This brief decision by Mr. Justice D.K. Miller provides an opportunity to look at how the courts in Alberta have interpreted subsection 44(2) of the Arbitration Act, R.S.A. 2000, c. A-43. This is the provision that usually governs the ability of the parties to appeal an arbitrator’s award. Although subsection 44(2) does not, on the face of it, require that there be any public interest in the parties’ dispute or the award resolving that dispute or an appeal from the award, judges of the Court of Queen’s Bench of Alberta have fairly consistently read in that extra element.

In Lion’s Gate Homes Ltd. v. Shand, the builder, Lion’s Gate, applied for leave to appeal an arbitrator’s award in a home construction dispute. The dispute had been referred to arbitration pursuant to the terms of a Purchase and Construction Agreement under Alberta’s New Home Warranty Program and the Arbitration Act by a February 2006 order of Mr. Justice Moen. That order was silent on the question of appeals from the arbitrator’s award and so the issue of whether or not Justice Miller should give permission for Lion’s Gate to appeal the award depended upon subsection 44(2):

44 (2) . . . [A] party may appeal an award to the court on a question of law with leave, which the court shall grant only if it is satisfied that

(a) the importance to the parties of the matters at stake in the arbitration justifies an appeal, and

(b) determination of the question of law at issue will significantly affect the rights of the parties.

Based on this wording, the first question is whether the grounds of appeal raise questions of law. An appeal based on questions of fact or questions of mixed law and fact is not permitted by the Act. Although the distinction is not an easy one to make, the usual differentiation relied upon is that set out by Justice Iacobucci in Canada (Director of Investigation and Research, Competition Act) v. Southam Inc., [1997] 1 S.C.R 748 at paragraph 35: “Briefly stated, questions of law are questions about what the correct legal test is; questions of fact are questions about what actually took place between the parties; and questions of mixed law and fact are questions about whether the facts satisfy the legal tests.” Justice Miller, while noting that a question of law was required, did not address this issue in the Lion’s Gate case.

If the grounds of appeal do raise a question of law, the next issue is whether the court is satisfied that “the importance to the parties of the matters at stake in the arbitration justifies an appeal, and determination of the question of law at issue will significantly affect the rights of the parties.” The question of the importance to the parties of the mattes at stake could depend upon who the parties are and their particular situations.

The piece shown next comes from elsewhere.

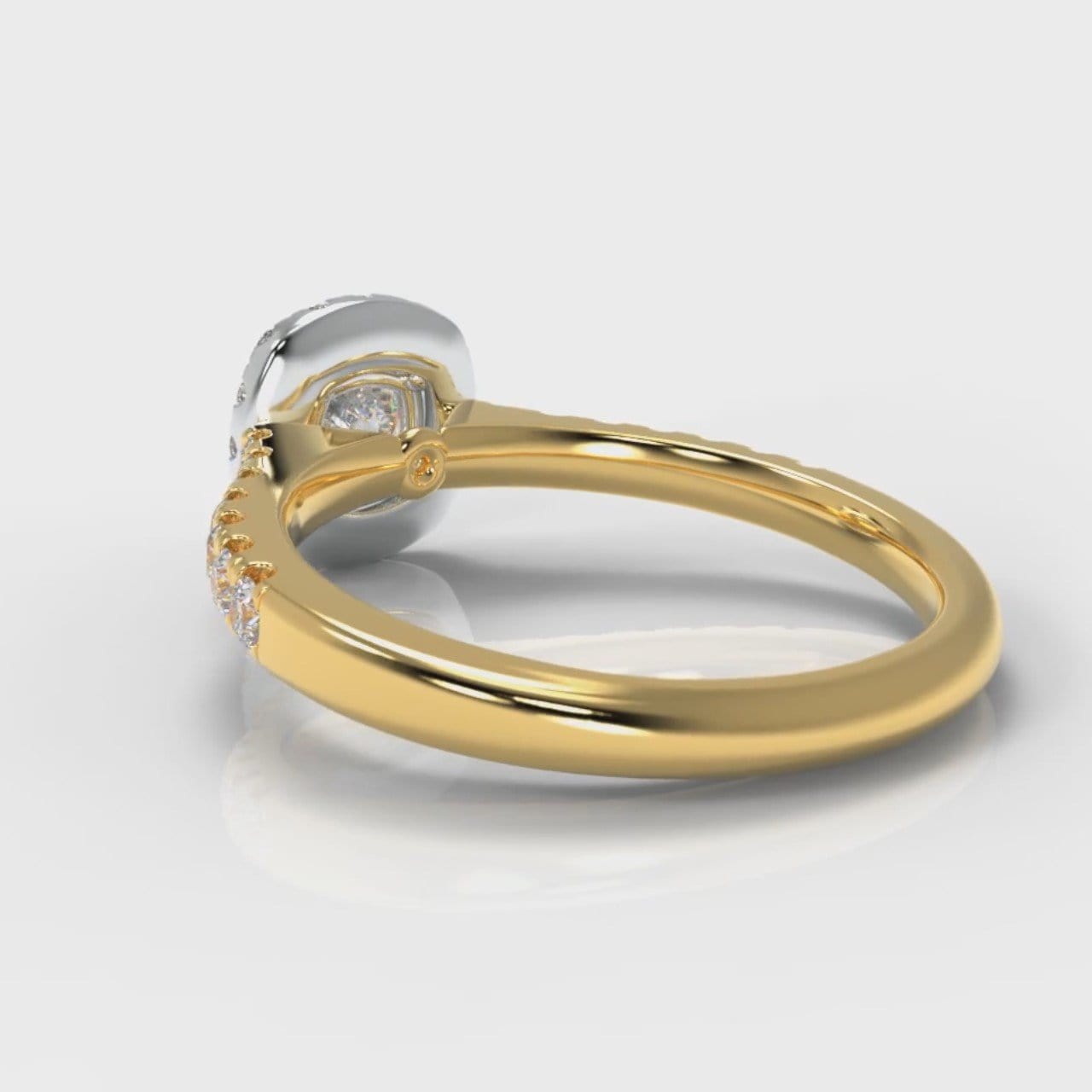 Micropavé Cushion Cut Diamond Halo Engagement Ring - Two Tone Yellow Gold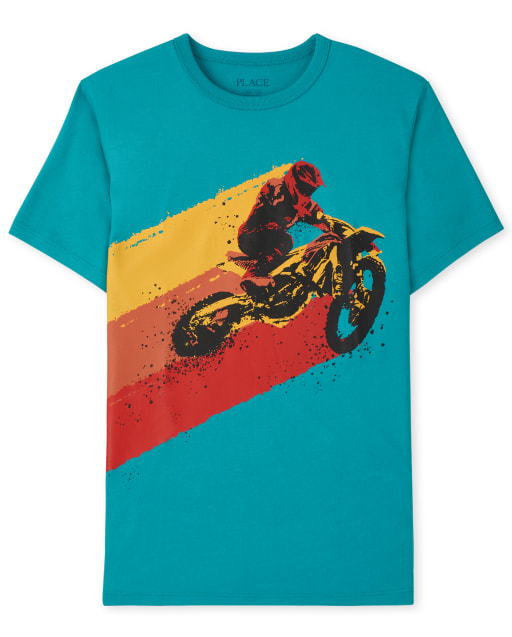 Camiseta de manga corta con estampado de motocross para niños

For many companies and individuals, it would not take that great a loss or gain to satisfy the subsection’s conditions. That was the approach and interpretation adopted by Justice Jones in Altarose Construction Ltd. v. Kornichuk (1997), 201 A.R. 258 (Q.B.), another dispute over the construction of a new home and one involving a relatively small construction company and an individual at or near retirement age without superior economic means.

However, the approach to subsection 44(2) in Altarose Construction — an approach that focused on the parties and their socio-economic context — was rejected in a number of subsequent cases. Instead, the interpretive approach of Justice Dea in Warren v. Alberta Lawyers’ Public Protection Association (1997), 208 A.R. 149 (Q.B.) has been preferred. His approach focused on the context of subsection 44(2) and not the context of the parties. It was preferred to that in Altarose Construction explicitly by Justice Nash in Schultz v. Schultz, 2000 ABQB 866 at paragraph 57 and the reasoning in Warren was adopted expressly by Justice Johnstone in Oakford v. Telemark Inc., [2001] A.J. No. 853 (Q.B.) at paragraph 14 and by Justice Sanderman in Sherwin-Williams Co. v. Walls Alive (Edmonton) Ltd. (2002), 331 A.R. 317 at paragraph 18.

In the Warren case, at paragraphs 14 to 17, Justice Dea justified the addition of a public interest requirement on the following basis:

The applicant argues that he meets the requirements of these subclauses because if successful he will defeat the Ducommum claim and gain an economic benefit which it now appears he has lost. It seems to me that, while on the face of it the applicant’s argument is not without merit, that in context such an interpretation of the clauses is not warranted.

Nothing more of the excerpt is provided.